So, what’s in store for the characters in the coming weeks? The two actors are understandably tight-lipped. “I’m a politician,” Julie jokes. “I have to talk in such vague sentences.”

“Kind of like Amanda; it’s very ambiguous,” Tony chimes in.

“You’re going to start to see the unravelling of the characters and of the town,” Julie confesses. “And something will happen that will set in motion a game changing element of season two.”

“Amanda’s trying to keep this town together,” Tony adds. “She’s been trying to do that from the very beginning. There’s a lot of elements that are surrounding the town, surrounding her authority, and they’re challenging her authority. And not from within Defiance, but from outside Defiance as well; there’s an element called the Earth Republic which rolls into town. And also within Defiance, there’s many characters who are really trying to knock her off of her perch, as it were. So that’s definitely challenging for her. But then, the Tarrs–they’re socially trying to climb the ladder.”

Skewing away from the dangerous territory of the show’s future, I bring the pair back to its inception. What was the audition process like?

“I just got offered the role,” Tony jokes. “No, I didn’t. I auditioned for it; I met Kevin Murphy, one of our producers and writers; I met Scott Stewart, who directed Legion and Priest films. And when I was there, Grant Bowler [Nolan] was also in the room, and I read, and I was asked back a couple of times.”

Eventually, they brought in several actresses to read opposite him. “This English girl ended up sitting on my knee one day, and it turned out to be Jamie Murray. And then, there’s a funny story; her heart was beating quite fast. I could feel it, and my head was on her chest. But on the outside her demeanor was very calm, and she was doing her Stahma conniving, but it was quite funny. We laugh about it, because I put my head on her chest and I said, ‘God, you look so calm, babe, but your heart was like ba-boom, ba-boom, ba-boom–banging away.’

“So I auditioned, and then ended up having to go back for the network, because they’re very specific, aren’t they sometimes, and they want you to be a certain way. And then eventually, after jumping through quite a few hoops, I got the offer. Julie probably just got the offer.”

“No,” Julie protests. “I got sent the script early on in pilot season, and I really liked it. But there was a part of me that really wanted to do a comedy at this point in my life, and I decided at that time that I was gonna pass because I really wanted to go for a comedy.”

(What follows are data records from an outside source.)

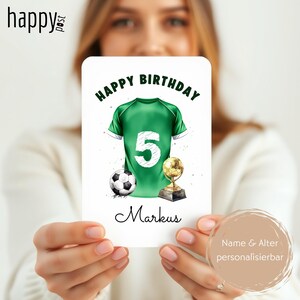 May include: A birthday card featuring a green soccer jersey with the number 5, a soccer ball, and a trophy. The words "Happy Birthday" are at the top, and the name "Markus" is at the bottom. The card is held by a person.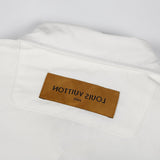 Close-up detail shot of Louis Vuitton luxury clothing with monogram-inspired silhouette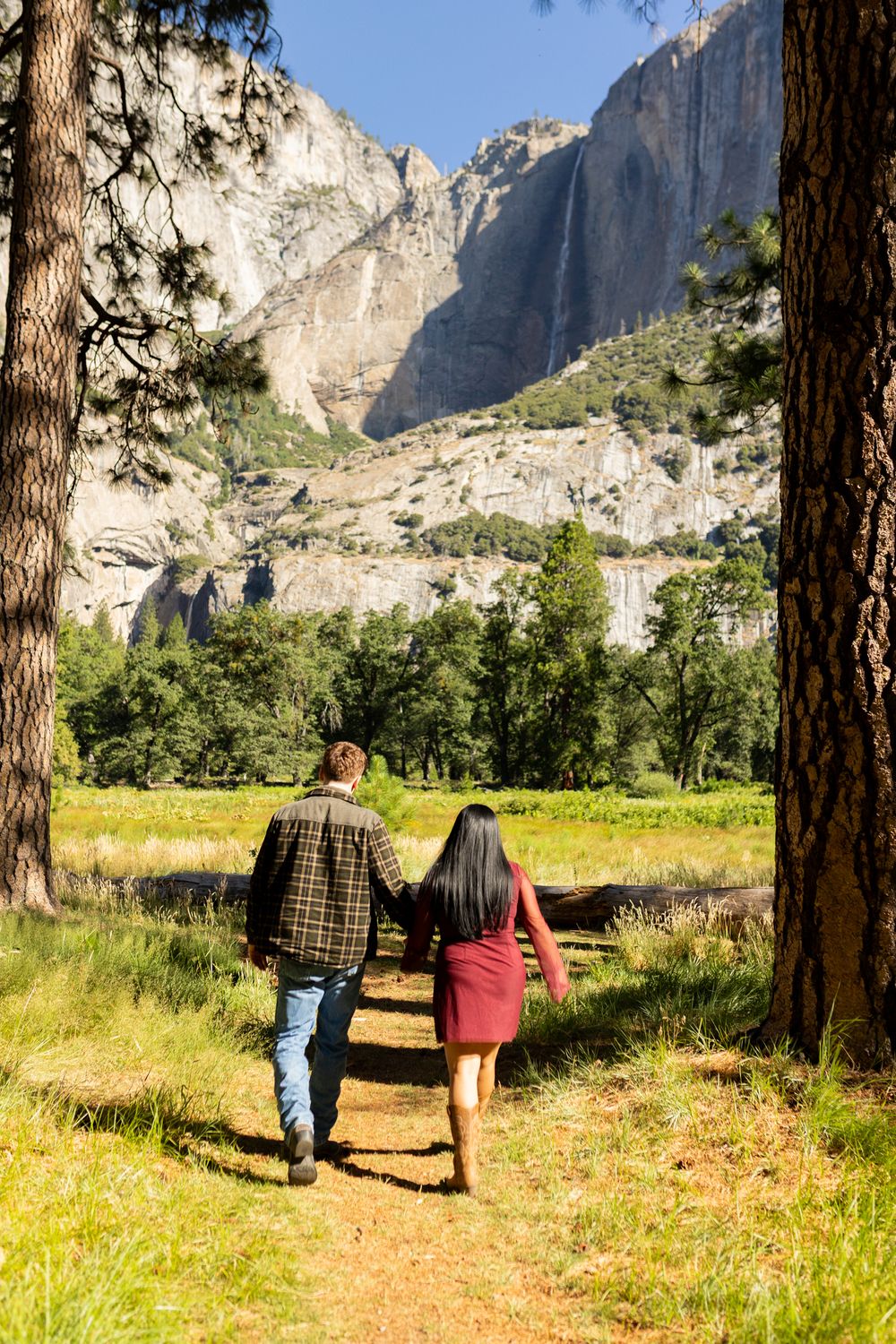 Couple holding hands walking on a trail in Yosemite Valley with granite cliffs and waterfall in background.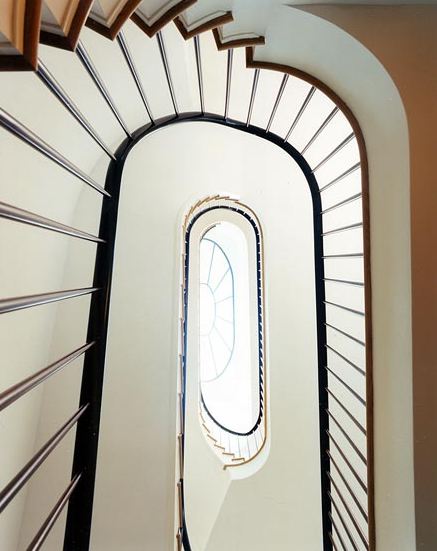 spiraling staircase with oval skylight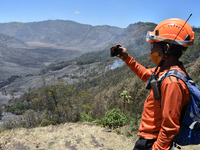 Some of  officer monitors hotspots on the slopes of a mountain that have been burning since mid-August during the dry season in the Bromo Te...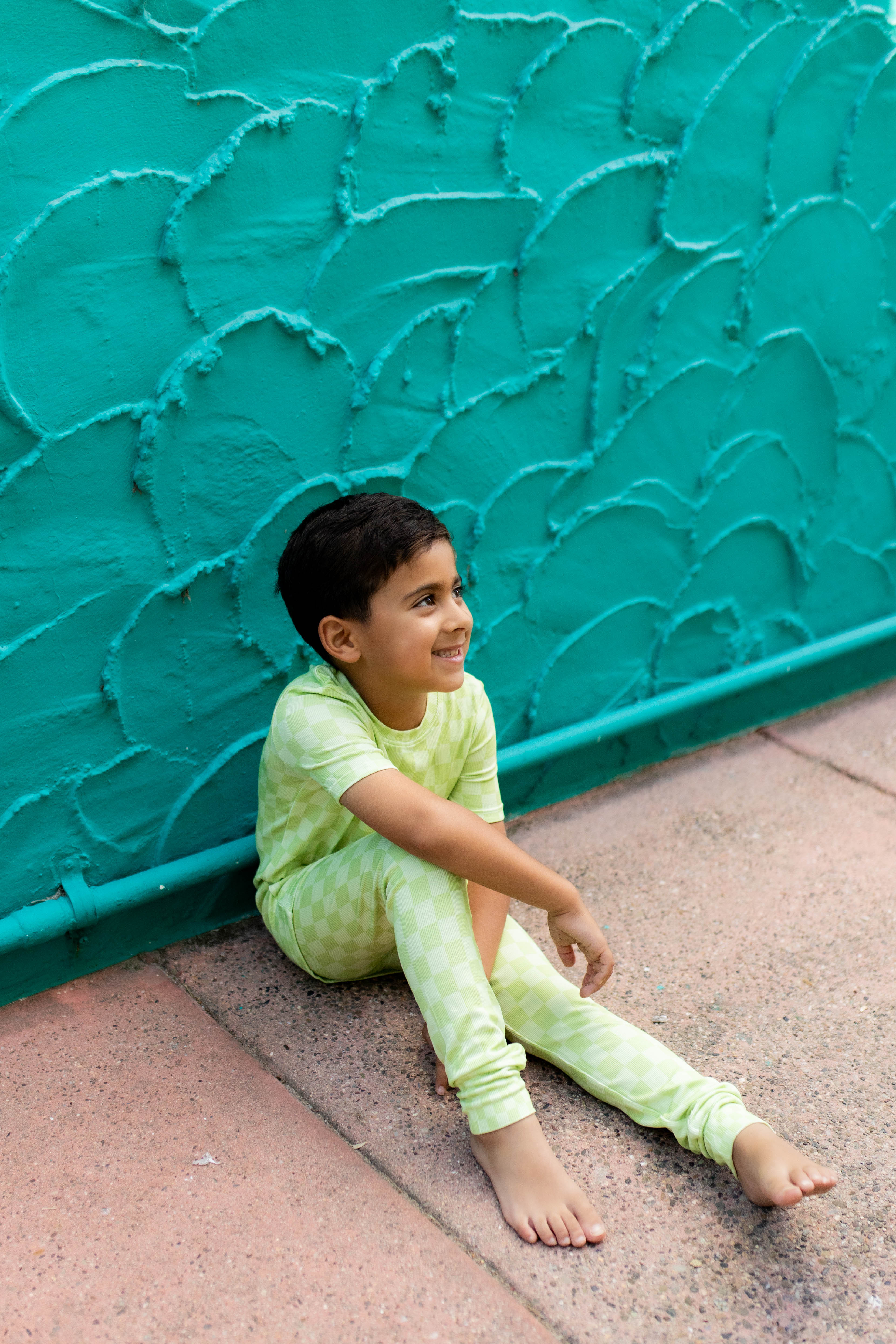A young boy wearing a light green check pajama set sits barefoot against a textured teal wall.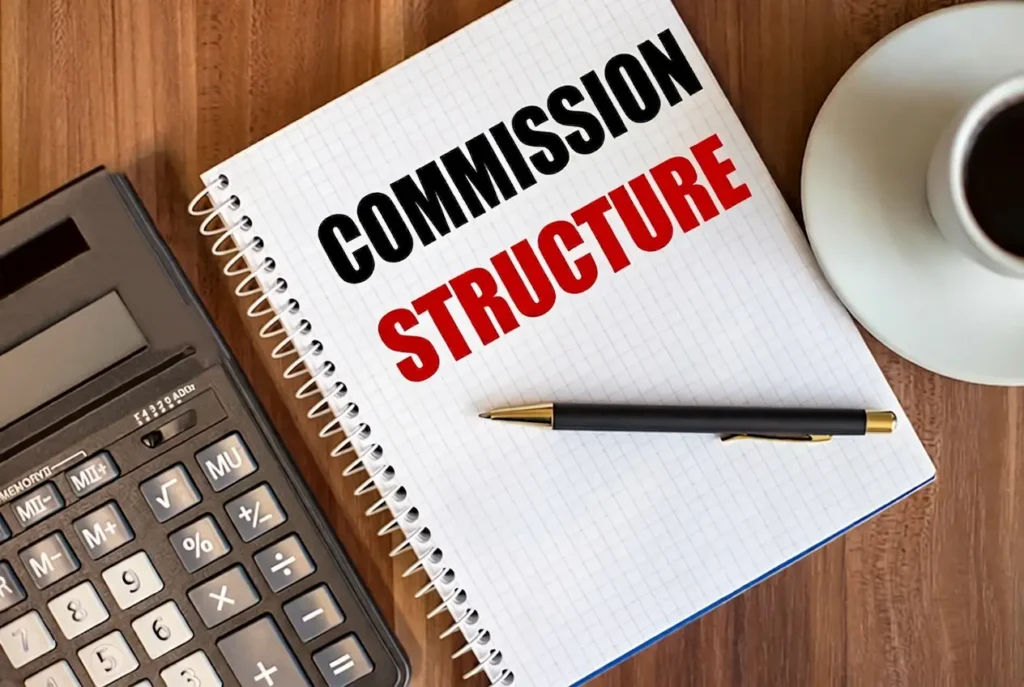 Pen on notebook labeled commission structure beside a calculator on a wooden desk with a coffee cup.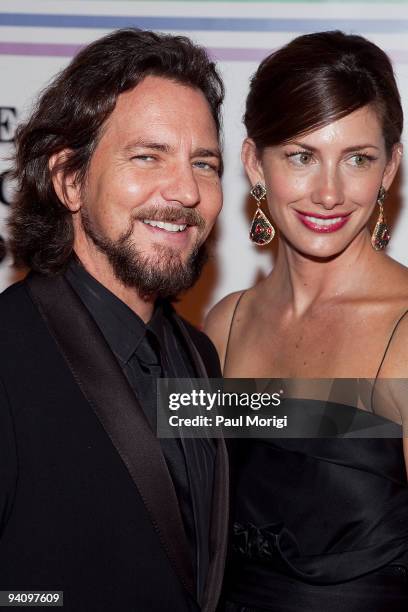 Musician Eddie Vedder and model Jill McCormick arrive at the 32nd Kennedy Center Honors at Kennedy Center Hall of States on December 6, 2009 in...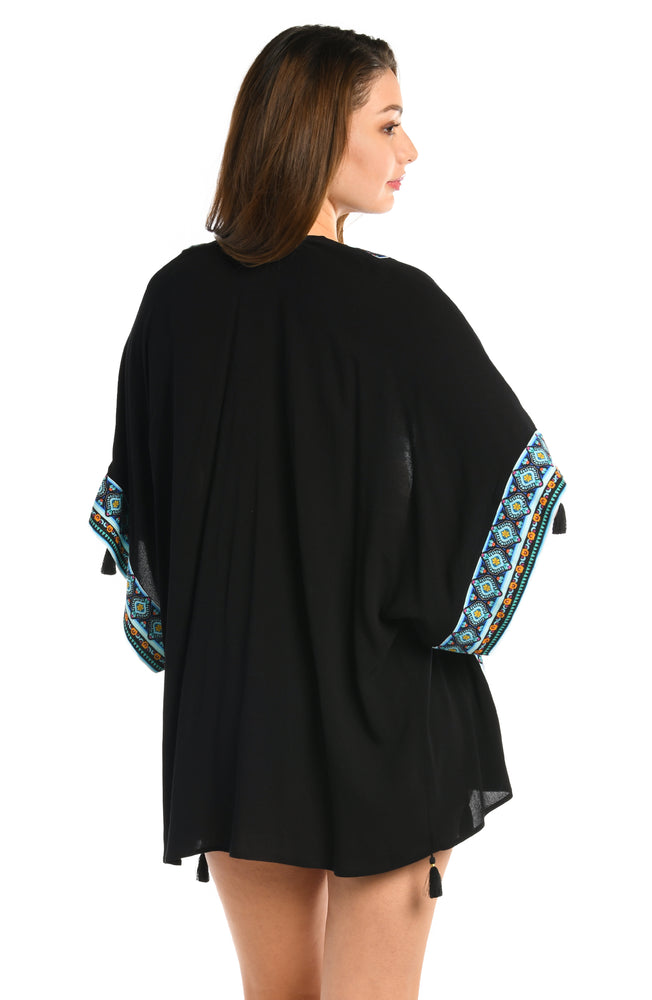 Model is wearing a black and aqua blue colored open front kimono cover up from our Running Wild collection.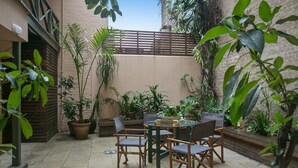 A patio area with a round table and chairs, surrounded by potted plants and a brick wall. - Family Terrace Home Close to Oxford Street and CBD (Darlinghurst)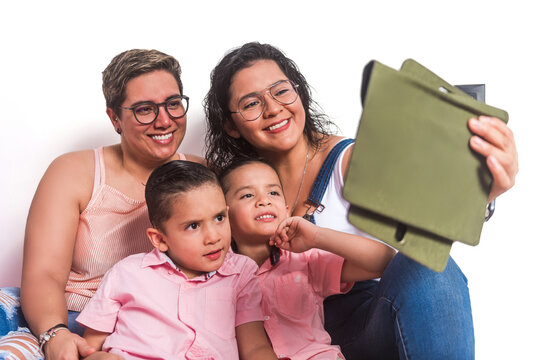LGBTQ family taking selfie with tablet while sitting together.
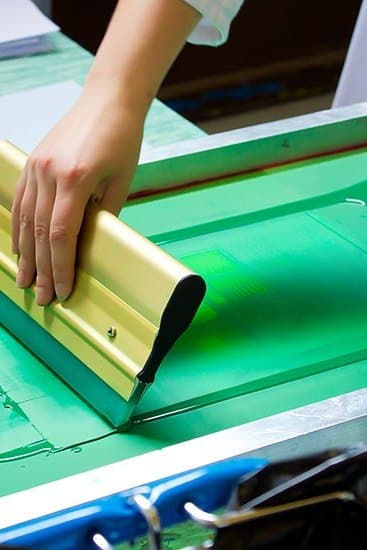 Dye being pulled across a mesh screen by hand, printing a length of cotton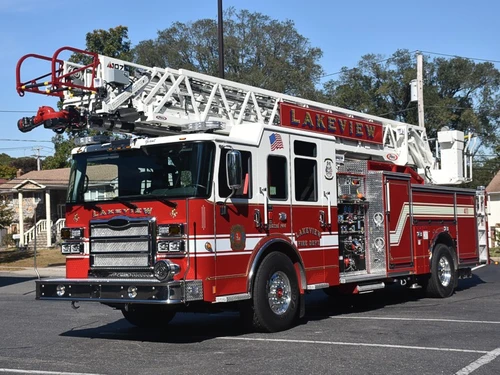 Front-left exterior view of aerial ladder truck showing cab, pump panel area, and ladder bed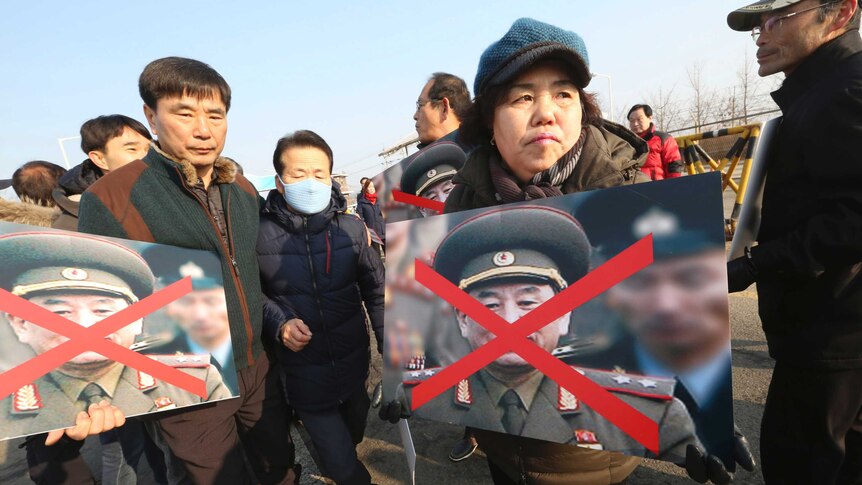 Family members of victims of the sunken South Korean naval ship Cheonan hold defaced portraits of Kim Yong Chol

So what changed her mind? “I started reading the comedies,” she admits, “And I kept thinking about ‘Defiance.’ I’ve known Kevin Murphy forever, and he’s been a longtime personal friend, and I really loved this script. I just wanted to just branch out and do something different. And I kept thinking about the script, and then Jamie got cast, and she kept going, ‘You know, they still haven’t found Amanda.’ And I was getting frustrated; I was reading some really stinky comedies. And I was like, ‘You know, what am I doing fighting for a role in something that I don’t even like when there’s this great script?’ And so, I decided to throw the comedy thing out the window. I felt like the universe was telling me that.”

Having read an earlier draft of the script, Julie was given an updated version. “It was still very good,” she says, “And I was really fascinated by all the characters. And then I went and I read with Grant to make sure we had chemistry, and then I got the offer.”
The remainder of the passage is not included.